The red Supreme box-logo tee shirt, camouflage Bape hoodie, or black-and-white Off-White emblem are now increasingly rare sights, and it’s no secret that the original pioneers of hypebeast-ism no longer maintain the “iconic” stature they once claimed before. An increasing number of former hypebeasts find themselves flocking to archive fashion and established designer brands. To Cyrus, the “logo culture” which drove hypebeast fashion has since become “more low-key.” “Super flashy, out-there” logos have been replaced by iconic designs. Cyrus adds, “you see the [Rick Owens] iconic drawstring” or the “funny converse [Rick Owens Ramones] and know exactly what that is.” 

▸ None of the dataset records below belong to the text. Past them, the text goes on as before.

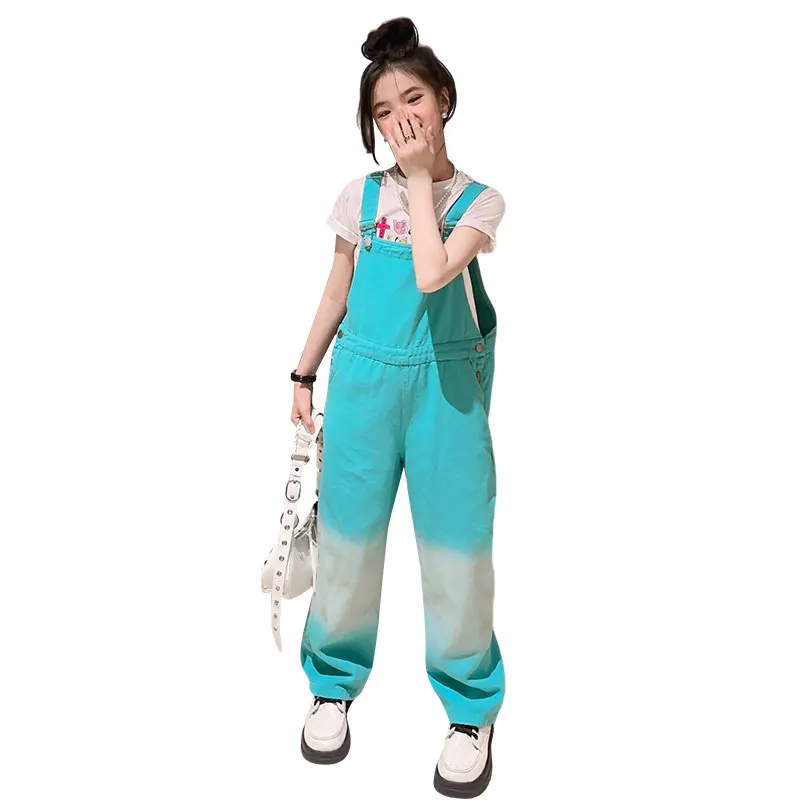 Годишният модерен детски костюм с панталони на подтяжках озерно-син цвят за момичета, фланелка с къс ръкав + гащеризони, панталони-двойка, съоръжения0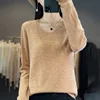 Women 100% Merino Wool Sweater V-Neck Basic Pullover Autumn Winter Cashmere Clothing Long Sleeve Soft Knitwear Tops Solid Color 4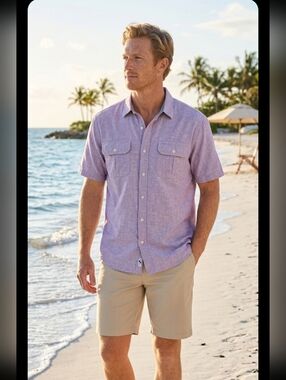 Tommy Bahama Light Purple Linen Cotton Blend Short Sleeve Button Up Shirt Sz XL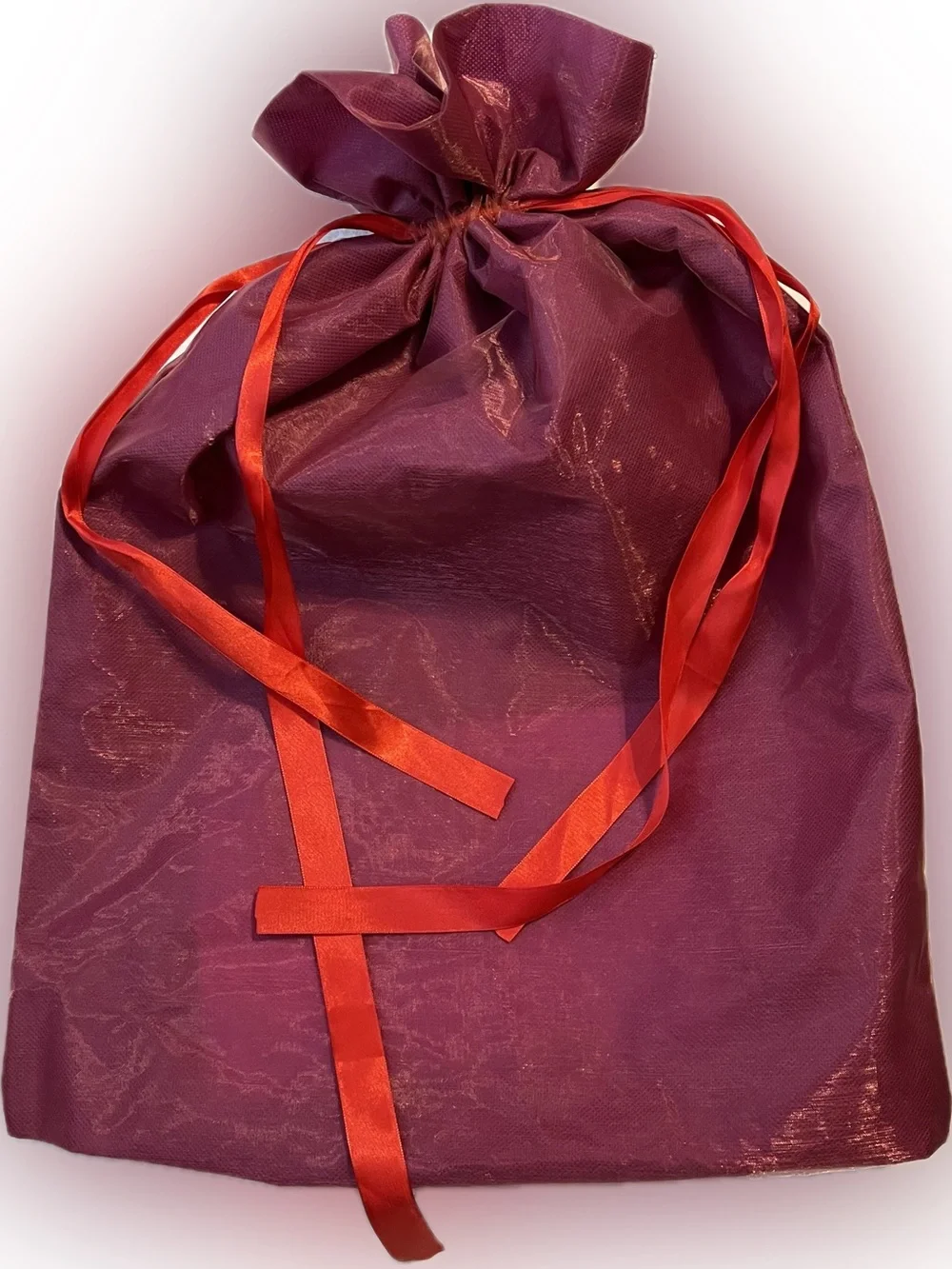 Sheer Organza Wine Colored Fabric Gift Tote Bag Red Satin Ribbon Drawstring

“It seems to be something people kind of grow out of at Grace,” noted Perrin. “There are definitely a lot of people who still wear hypebeast stuff but, at least within my circle, I’ve noticed more and more people start to dislike it.” David C. ‘24 agrees that hypebeast-ism is “unfortunately” still prominent — “a lot of people buy it thinking it’s what looks amazing but it doesn’t always . . .most think that just buying that Supreme t-shirt makes a good outfit, which is not enough most of the time,” David stated.

The original hypebeast titans are undoubtedly here to stay, with a shadow that — despite being a fraction of its original size — continues to loom over the world of streetwear and fashion. The question remains: what was their cultural impact? Hypebeasts and streetwear aficionados have hardly lost their interest in fashion; they have simply evolved and migrated elsewhere. Jackson H. ‘23 agrees as he sees hypebeast fashion as a “gateway” towards high-fashion: according to him, brands like Rick Owens, Louis Vuitton, and Prada have found a new audience in former hypebeasts. 

Recognizing this shift, high fashion cornerstones like Louis Vuitton and Balenciaga have absorbed streetwear’s most popular trends into their brands. Since its inception as a high-fashion line known for its custom-made couture, Balenciaga has morphed into a notoriously progressive streetwear pioneer. Abloh, the creative genius behind Off-White — which hypebeast.com ranks the top 5th brand in the world — directed Louis Vuitton’s menswear collection from 2018 until his recent tragic death in 2021. 

The highest-fetching sales on online marketplaces like Grailed were once hypebeast pieces. Now, old and new clothes from designers like Junya Watanabe, Comme des Garcons, and Rei Kawakubo come close to surpassing their peaks of prices and attention. As Cyrus described, “if someone wants a Prada jacket, they can now go on Grailed and find it for 200 dollars out of the original 2,000.”

This emerging culture of “archive-beasts” exemplifies a new trend of ex-hypebeasts developing their own unique style drawing from past designers. The hypebeast explosion of 2016 has long died down, but the impacts of the cultural phenomenon have permanently shaken fashion.